Friday's news background did not inspire most traders to trade actively. Out of three U.S. reports, only the Michigan Consumer Sentiment Index produced a reading worth reacting to. The index rose in December from 51.0 to 53.3, which most traders did not expect. However, the dollar's rise on this report turned out to be negligible. Today, moderate growth of the U.S. dollar may continue, but it now faces a threat coming from the FOMC. Already on Wednesday, monetary policy parameters may become softer, as there are still no signs of recovery in the U.S. labor market—despite two rounds of interest-rate cuts. Thus, dollar strengthening on Monday and Tuesday should not be misleading. As early as Wednesday, the bulls may launch a new offensive, and the current trend is "bullish." If the labor market situation does not change in December, the Fed will have to continue lowering interest rates in early 2026—to Donald Trump's delight and to the dollar's misfortune.

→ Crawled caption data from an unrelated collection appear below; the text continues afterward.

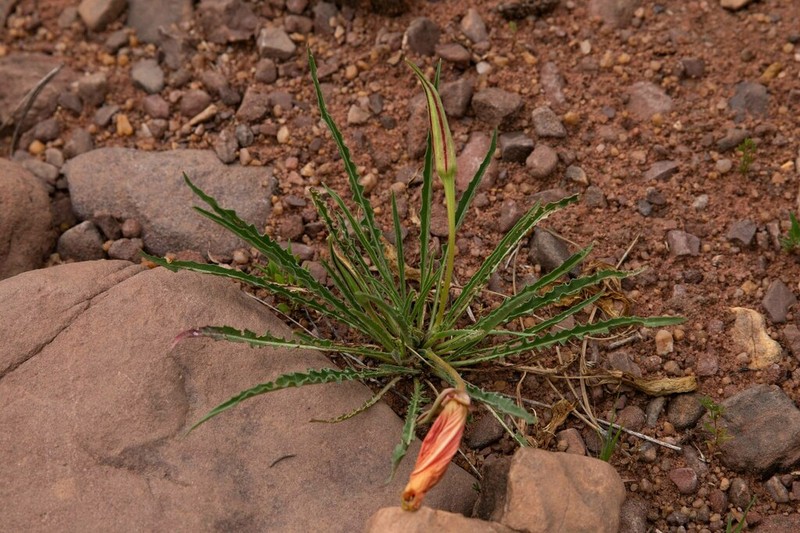 Flaming Gorge Evening Primrose photo 3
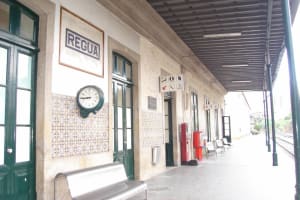 Douro Valley to Peso da Régua by Train 3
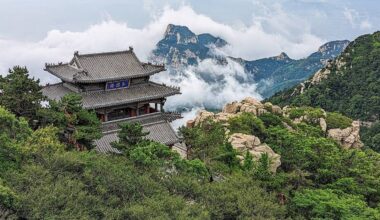 China's Blade Fence Around Mount Tai: A Danger to Wildlife and Ecosystems | World News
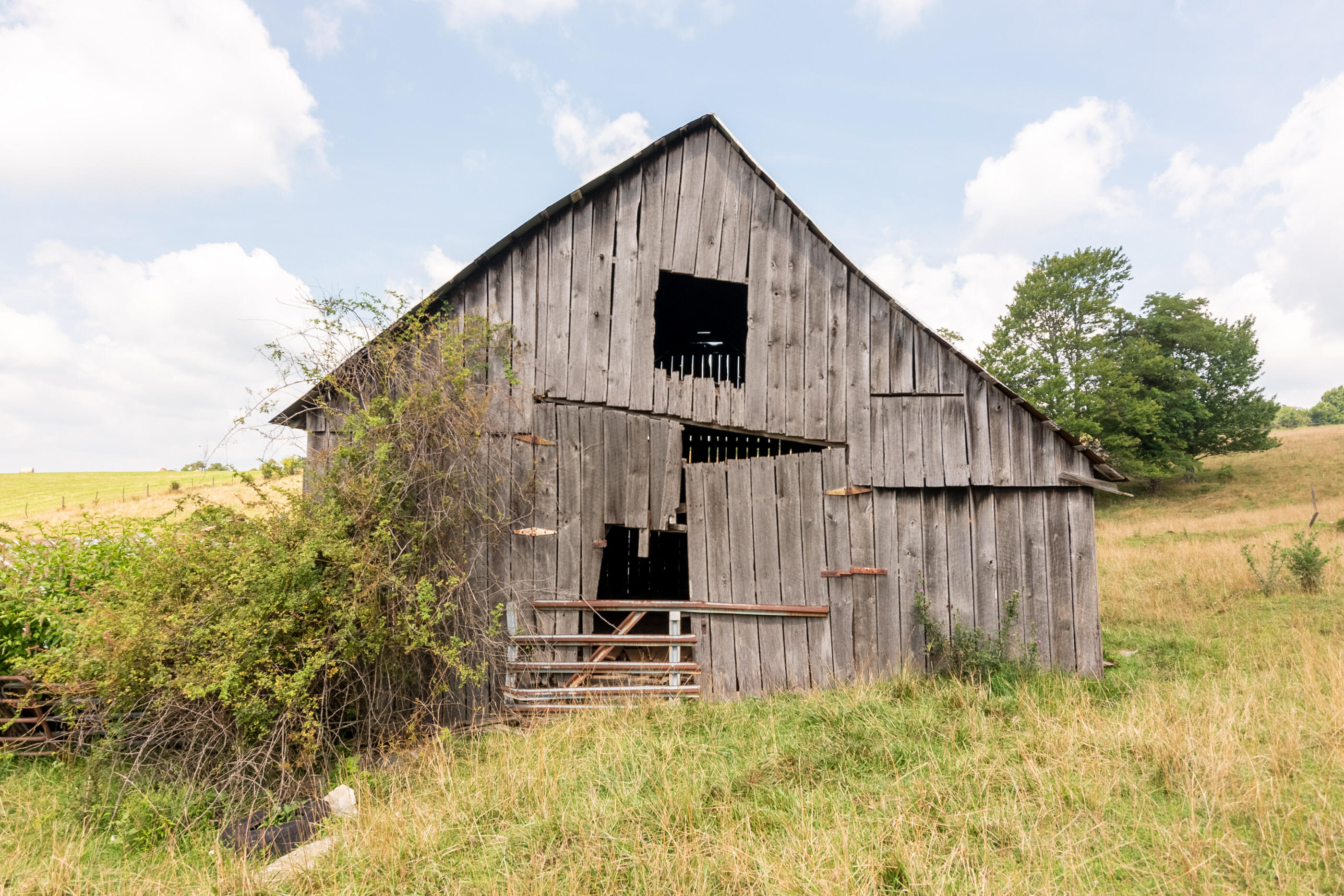 767 Kyle Weeks Road Southwest Willis, VA 24380 - Photo 24 of 86 DSC_8745-HDR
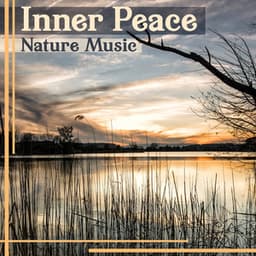 Inner Peace: Nature Music – Calm Sounds for Relax, Spirit of the Healing Water & Pure Rain Songs, Free Mind - Healing Waters Zone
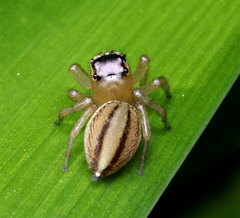 Maratus scutulatus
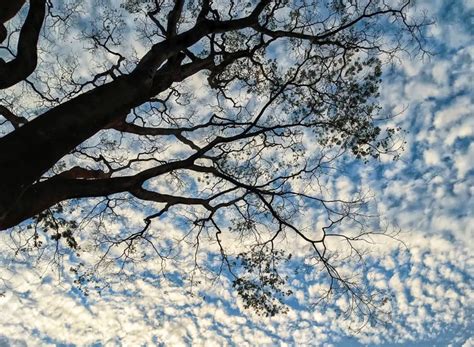 A Tree With Clouds In The Sky Photo | JPG Free Download - Pikbest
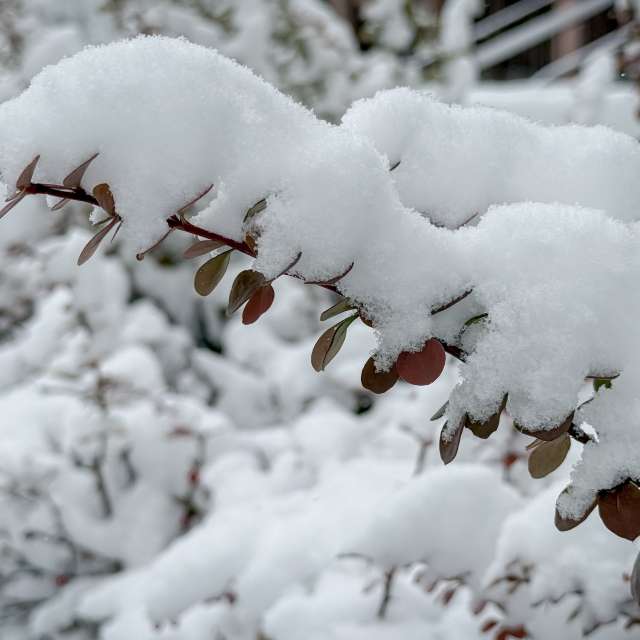 Прогнозы погоды с чудесными фотографиями, сделанными LMukasz
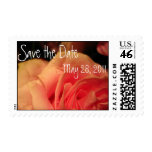 Peach Rose Save the Date Stamps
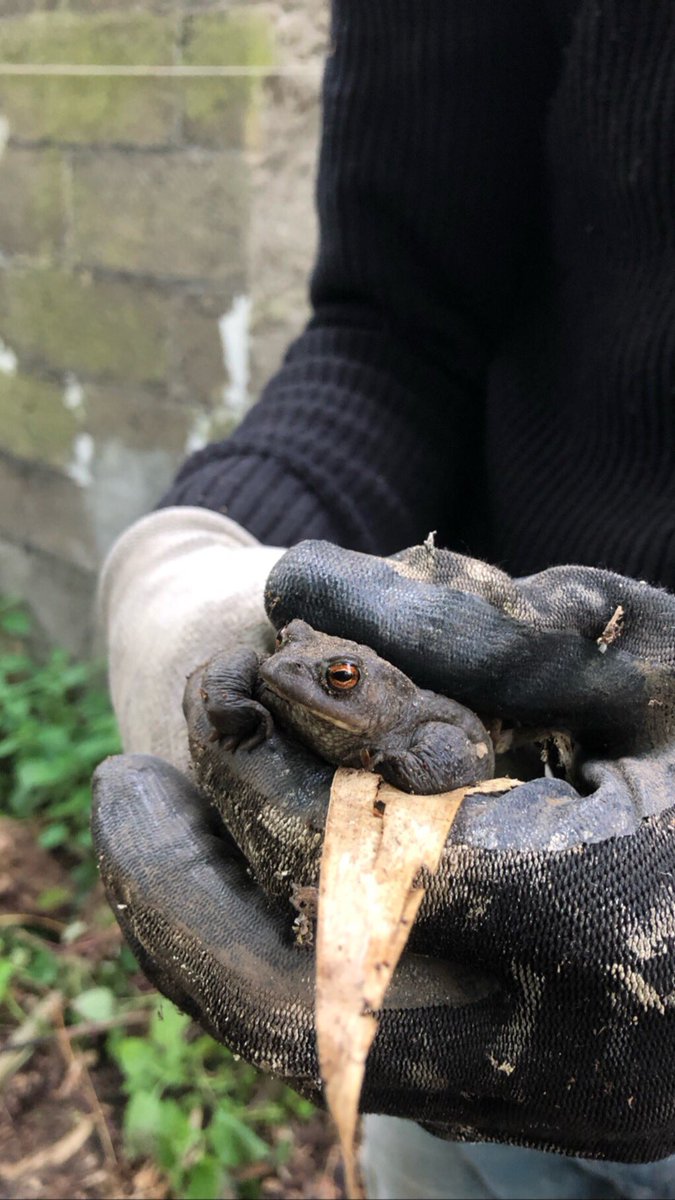 StephaJacobs's tweet image. Dat het wel goed zit met die #biodiversiteit in m’n tuintje. Blijkbaar hebben we een tuinpad. Iemand naamsuggesties? En heeft ie nog iets nodig behalve een vijver en slakken? #pad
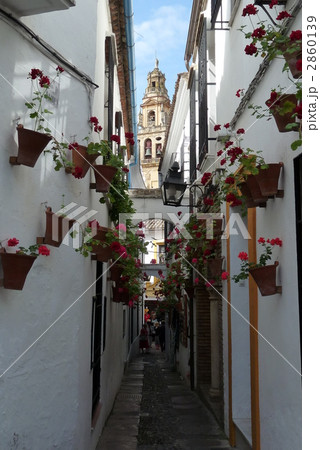 花の小道＠コルドバ 2860139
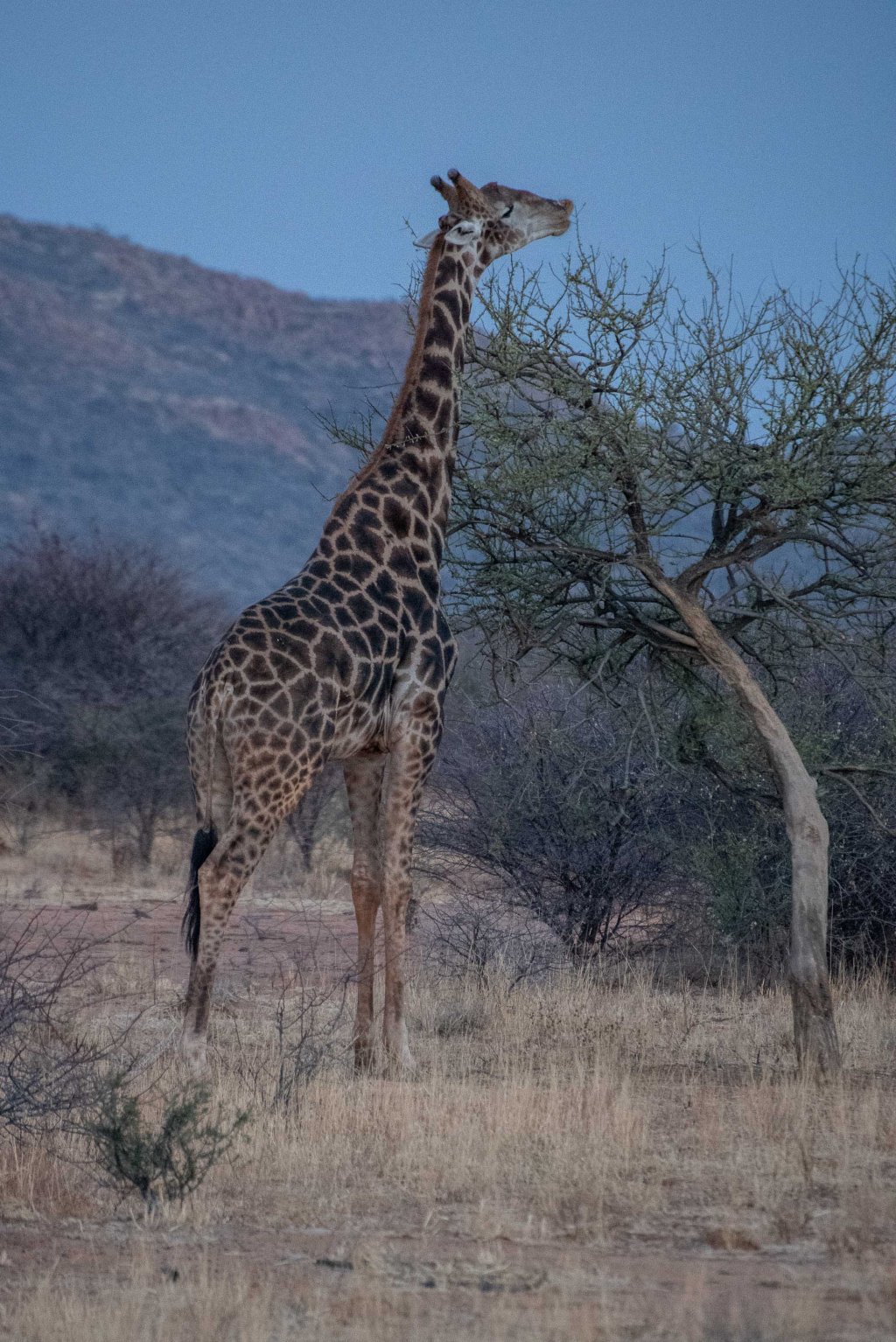 20180926_jwunbenannt_4179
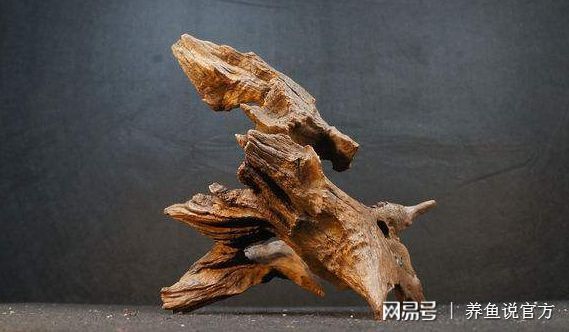 龍眼木放魚(yú)缸最簡(jiǎn)單處理方法：龍眼木放魚(yú)缸處理方法 魚(yú)缸百科 第4張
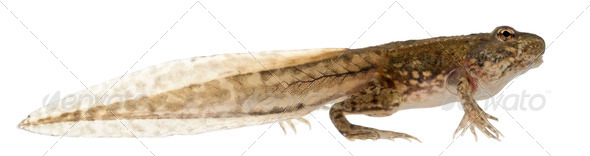 Edible Frog, Rana esculenta, around 12 weeks old after hatching, in front of white background - Stock Photo - Images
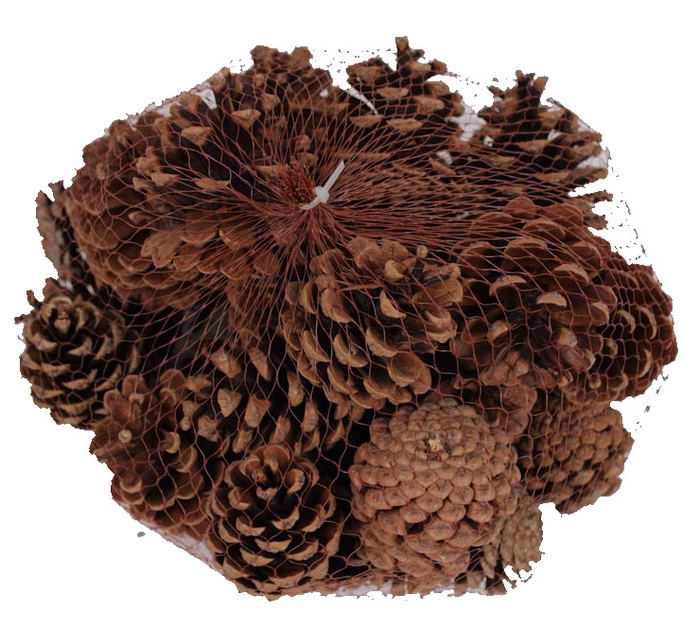 Pine cone 500gr in net Natural 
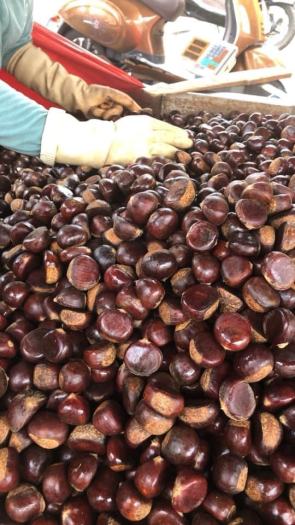 Hạt dẻ tươi Cao Bằng size 2.8mm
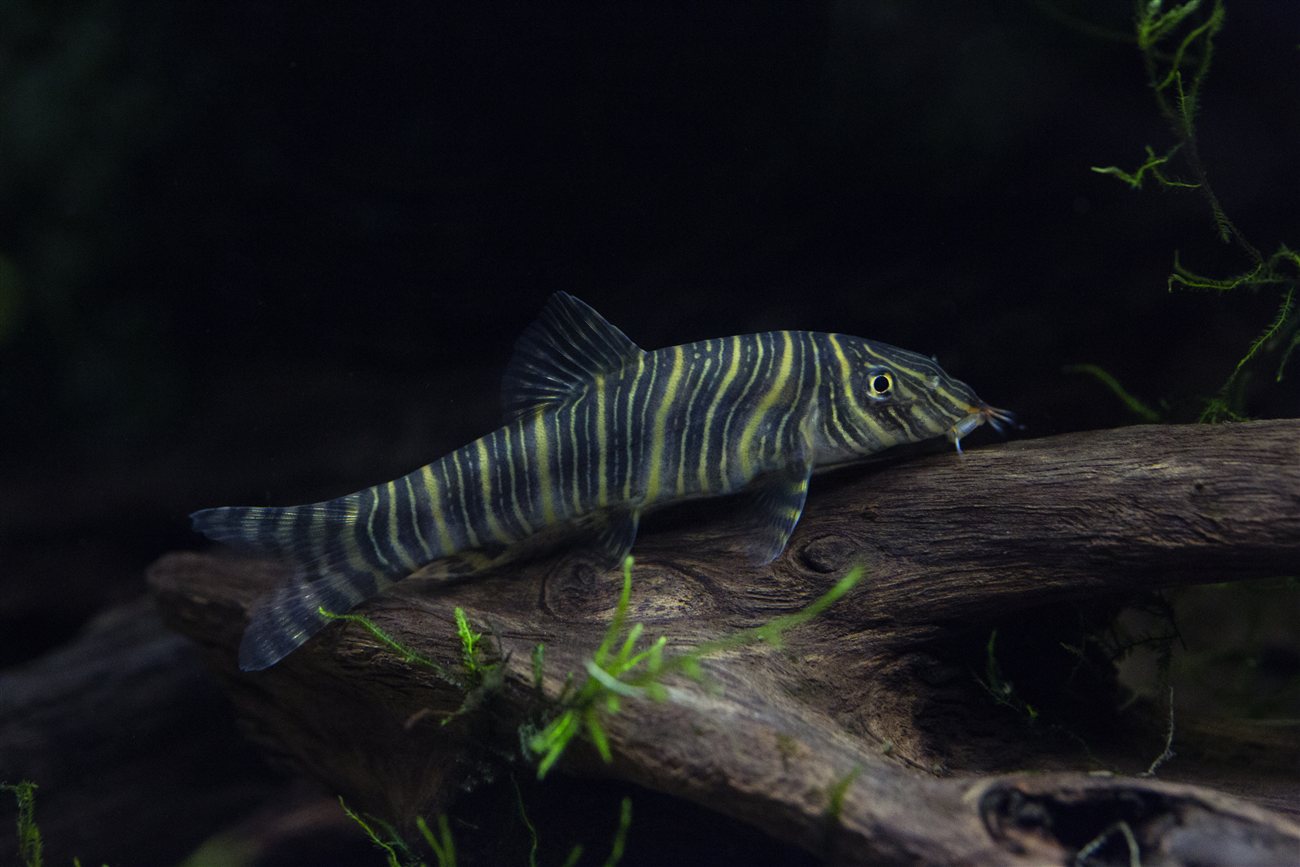 Zebra Loach – Botia striata Zebra Loach (Botia striata) in a freshwater aquarium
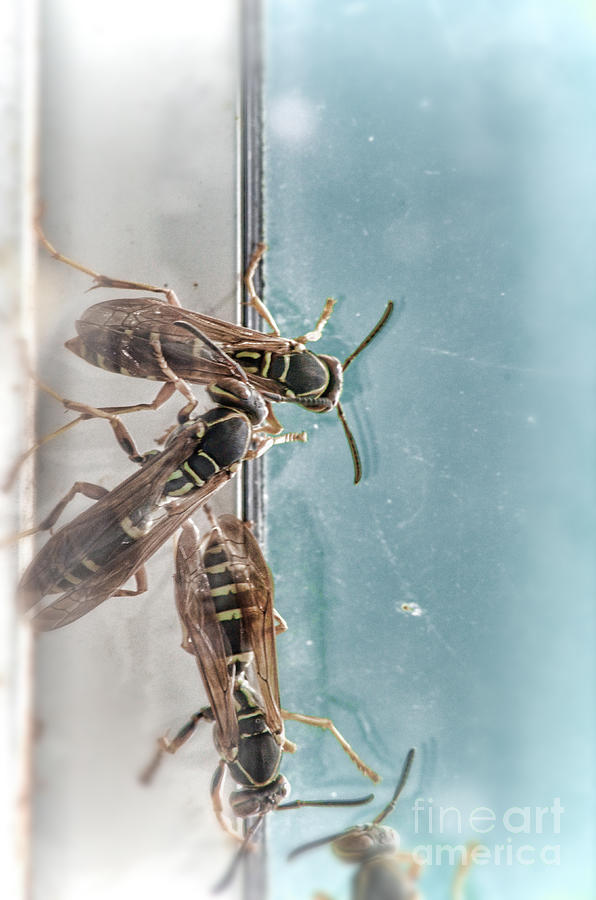 Wasps Photograph by Jill Battaglia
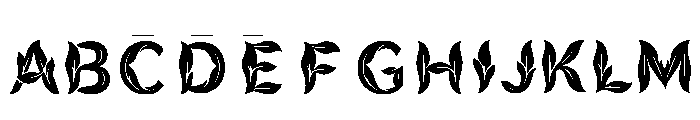 Fleet Regular FONT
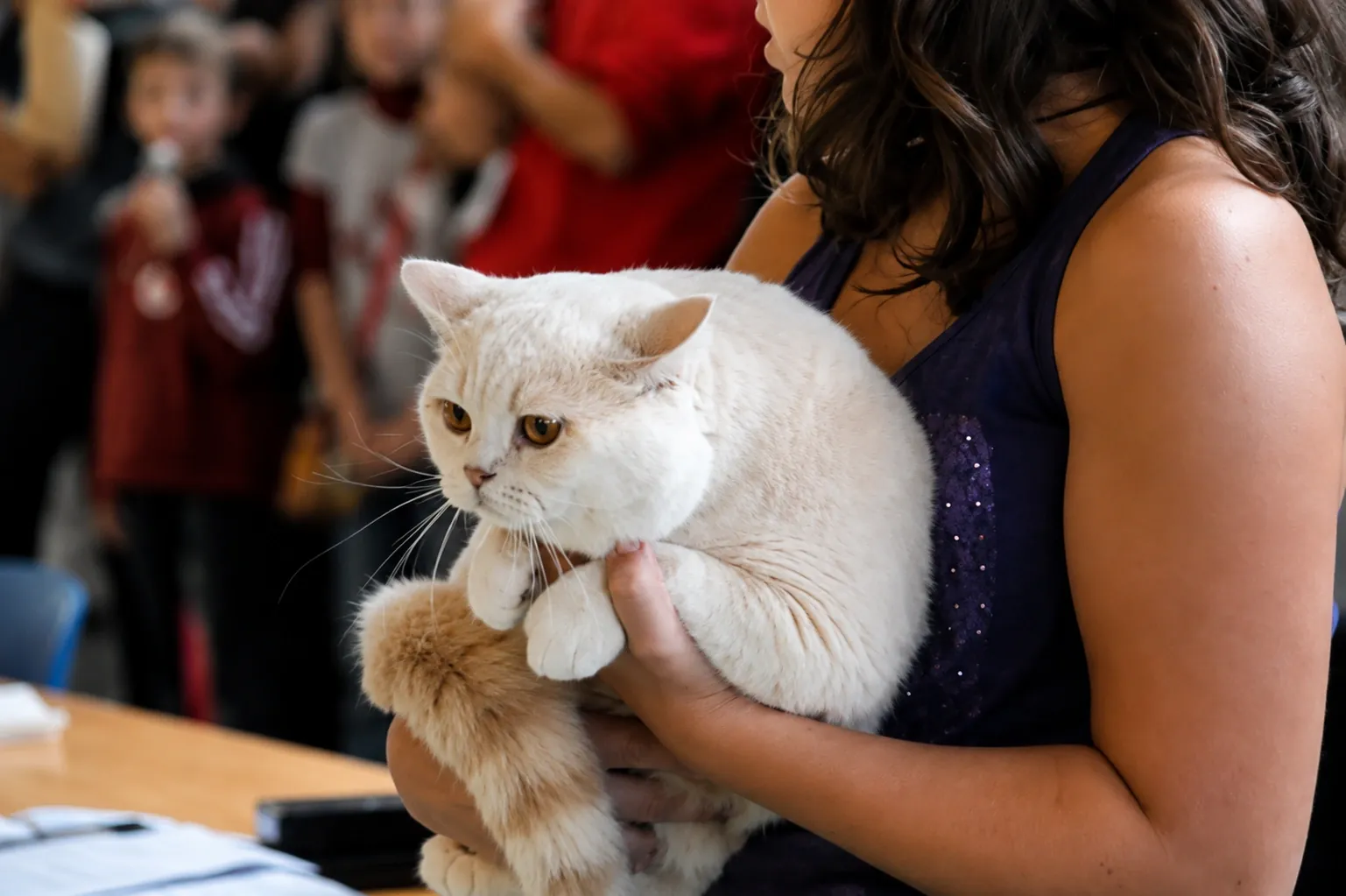 Britisch Kurzhaar Schweiz – Sondershow 2010
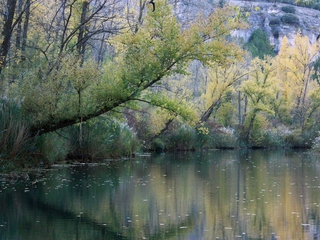 La Naturaleza que envuelve la Ciudad de Cuenca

On the 4-hour chart, the pair consolidated above the downward trend channel, above the 1.3118–1.3140 level, and rose toward the level of 1.3339. A rebound from this level will work in favor of the U.S. dollar and a decline toward 1.3140. A consolidation above 1.3339 would allow us to expect further growth toward the 100.0% Fibonacci level at 1.3435. No new emerging divergences are observed today.
Commitments of Traders (COT) Report:
The sentiment of the "Non-commercial" category became less bullish during the most recent reporting week, but that reporting week was one and a half months ago—October 28. The number of long positions held by speculators increased by 7,052, and the number of short positions increased by 10,539. The current gap is approximately 82 thousand long positions versus 102 thousand short positions. However, these figures are from mid-October; the picture may now be entirely different.
In my view, the pound still looks less "dangerous" than the dollar. In the short term, the U.S. currency is in demand on the market, but I believe this is temporary. Donald Trump's policies have led to a sharp deterioration in the labor market, and the Fed is forced to ease monetary policy to stop the rise in unemployment and stimulate job creation. Thus, if the Bank of England may cut the rate one more time, the FOMC may continue easing throughout 2026. The dollar significantly weakened in 2025, and 2026 may be no better for it.
News calendar for the U.S. and the UK:
On December 8, the economic calendar contains no notable entries. The news background will not influence market sentiment on Monday.
GBP/USD forecast and trader recommendations:
Today, short positions may be considered on a rebound from the resistance level of 1.3352–1.3362 on the hourly chart, with a target of 1.3294. Long positions could have been opened on a rebound from the 1.3186–1.3214 level on the hourly chart, with targets at 1.3294 and 1.3352. Both targets have been reached. New longs may be opened upon a close above 1.3352–1.3362, targeting 1.3425.
The Fibonacci grids are built from 1.3470 to 1.3010 on the hourly chart and from 1.3431 to 1.2104 on the 4-hour chart.